The Caspian Sea, rich in oil, gas and phosphate, as well as sturgeon and caviar, do not miss the Yangykata Gorge, a canyon 25 km long from psychedelic multicolored walls. Konye Urgench, a UNESCO site in the north, was an important oasis of civilization and a major shopping center in medieval times as the capital of Corasmia, conquered by Genghis Khan and Tamerlane then destroyed when it was the most western khanates of the Mongol, there are the remains of a large number of mosques, minarets, madresse, libraries and bazaars. The large crater in the Karakum natural gas Darwaza burns and illuminates the ghostly desert nights. Gonur Depe was a major agricultural center already 9,000 years ago and in the Bronze Age gave birth to a flourishing civilization in which it was fashionable to drink intoxicating basis of poppy seeds, hemp and ephedrine, was home to the birthplace of Zoroaster and Zoroastrianism, the first monotheistic religion.

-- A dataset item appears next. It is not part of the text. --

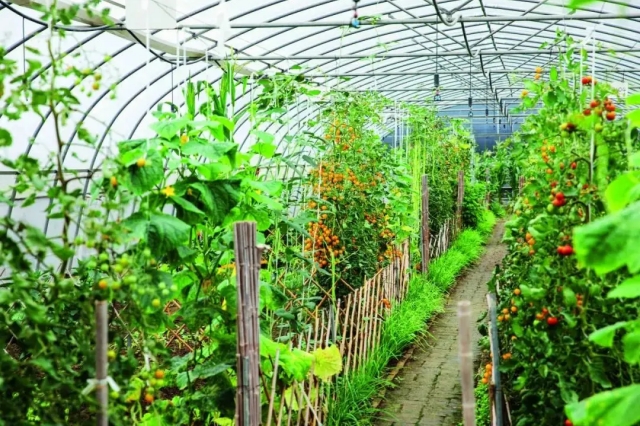 施肥打药常见错误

Merv, another UNESCO site in the east, was a city founded by the Achaemenid Persians in the sixth century. BC and refounded by Alexander the Great in ‘XI became the capital of the Seljuk Turks, and be ultimately destroyed by Genghis Khan who killed 300 thousand inhabitants. At the time of the peak, when inspired by the tales of Thousand and One Nights, was a major center of Islam, a melting pot of religions and ethnicities, verdant oasis with palaces, mosques and caravanserais enclosed by walls, destroyed several times, was always reconstructed but not on the side, so that today has as many as 5 different eras of urban centers. Finally in Ashgabat the remains of Nyssa, already in the third century. BC capital of the powerful Parthian kingdom extended from the Mediterranean to the Indus, enclosed by fortified walls with 43 towers, and as usual it is destroyed by the Mongols.

Originally posted 2012-07-07 14:18:44.